Kim Zetter wrote an article about Ruben Santamarta’s paper concerning the post-Russian invasion radiation spikes around Chernobyl called “The Mystery of Chernobyl’s Post-Invasion Radiation Spikes.” If you can't trust what you measure, there is no cybersecurity, resiliency, process safety, productivity or predictive maintenance in any critical infrastructure or cyber-physical system. Moreover, incorrect sensor readings can lead operators and analysts to take wrong actions or avoid the right actions. Process sensors, included the gamma sensors used in the Ukraine, have no cybersecurity or authentication yet use remote access.
In response to the same concerns expressed in Kim’s article and Ruben’s paper, one of my first jobs at GE Nuclear Energy in the 1970s was reprogramming the nuclear plant simulator’s startup model (there was only one nuclear plant simulator at the time). The simulator was used for training nuclear plant operators and other nuclear plant personnel. However, the simulator had a problem. The physics hadn't correctly addressed the neutron flux sensors’ response when a control rod was pulled. What should have happened is when a control rod was pulled, the local power readings near the rod should significantly increase while the local indicated power from the sensors far away from the control rod that was pulled should have a smaller indicated increase in power.
However, in this case, no matter how close or far away the neutron flux sensor was to the control rod being pulled, it provided the same response. This wasn’t a cyberattack, but it demonstrated that process sensor values – in this case neutron flux values – can provide misleading results but not necessarily be recognized as wrong. There have been many other cases where inaccurate process sensors have led to incorrect automatic or manual actions, including one incident where an inaccurate process sensor caused by a manufacturing flaw contributed to a nuclear plant core melt.
Process sensor systems include the physical transducer, conversion electronics, laptops/servers, calibrators, etc. Compromising any of those elements can cause the apparent sensor reading to be wrong. Unfortunately, when it comes to OT cybersecurity, process sensor readings are too often assumed to be uncompromised, authenticated and correct.

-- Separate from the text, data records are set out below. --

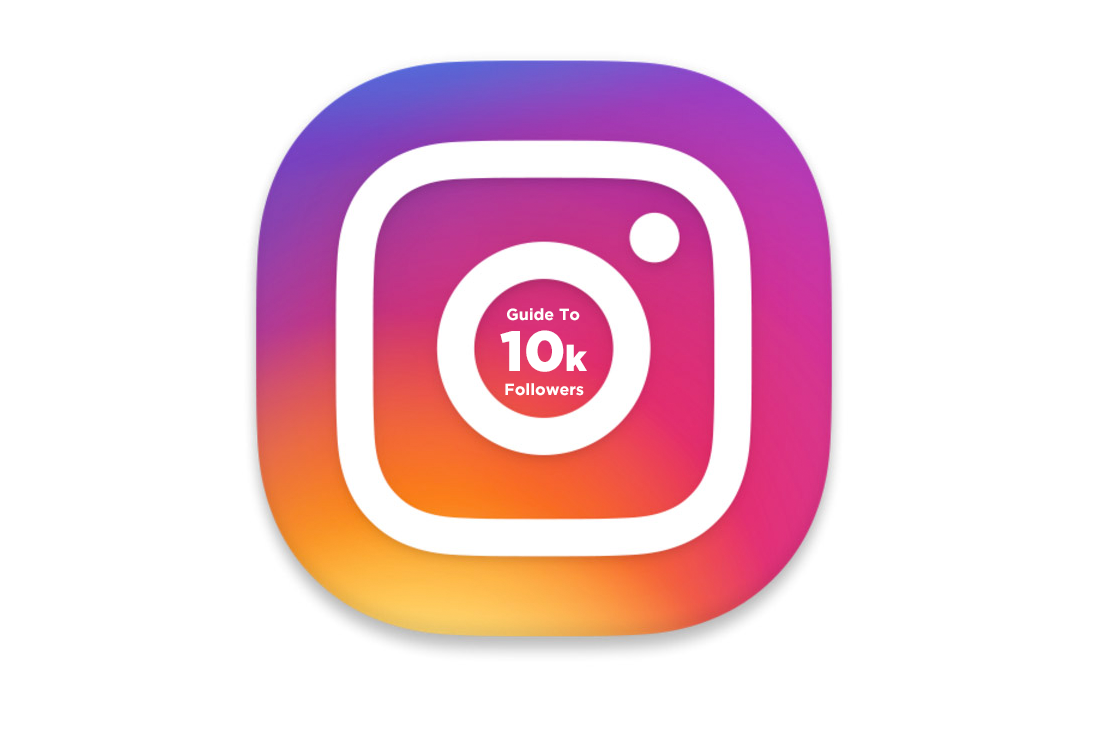  - a simple guide to getting your first 10k followers on instagram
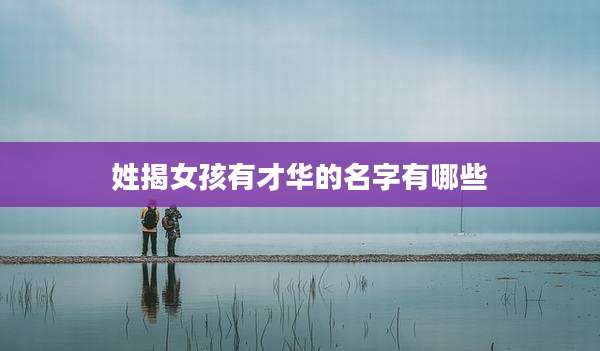 姓揭女孩有才华的名字有哪些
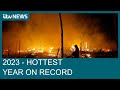It S Official 2023 Was The Hottest Year On Record ITV News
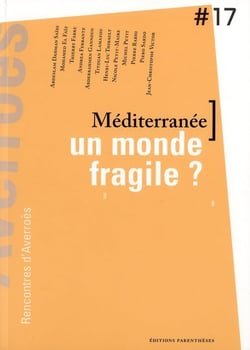 Mediterranée, un monde fragile ? 17e rencontres d'Averroès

It should be evident this is not the case. Even worse, in industries like electric, water, oil/gas, pipelines, etc., the cybersecurity of process sensors is effectively ignored.

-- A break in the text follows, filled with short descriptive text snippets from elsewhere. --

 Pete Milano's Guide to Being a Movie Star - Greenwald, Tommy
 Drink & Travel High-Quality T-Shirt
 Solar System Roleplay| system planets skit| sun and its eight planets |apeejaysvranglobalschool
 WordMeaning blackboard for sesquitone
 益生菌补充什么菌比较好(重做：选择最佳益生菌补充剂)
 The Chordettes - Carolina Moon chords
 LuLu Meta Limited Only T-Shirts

Process sensors are used globally to monitor environmental conditions around industrial facilities. This is not the first time process sensor readings have been intentionally or unintentionally compromised, nor is it the first time process sensors readings have been compromised in a nuclear application. These cases demonstrate that the gamma sensing system being hacked causing the observed radiation spikes around Chernobyl is a technologically credible scenario. It also reinforces the immediate need for the government and industry cybersecurity communities to address the cybersecurity gaps in control system field devices and associated cybersecurity policies and standards.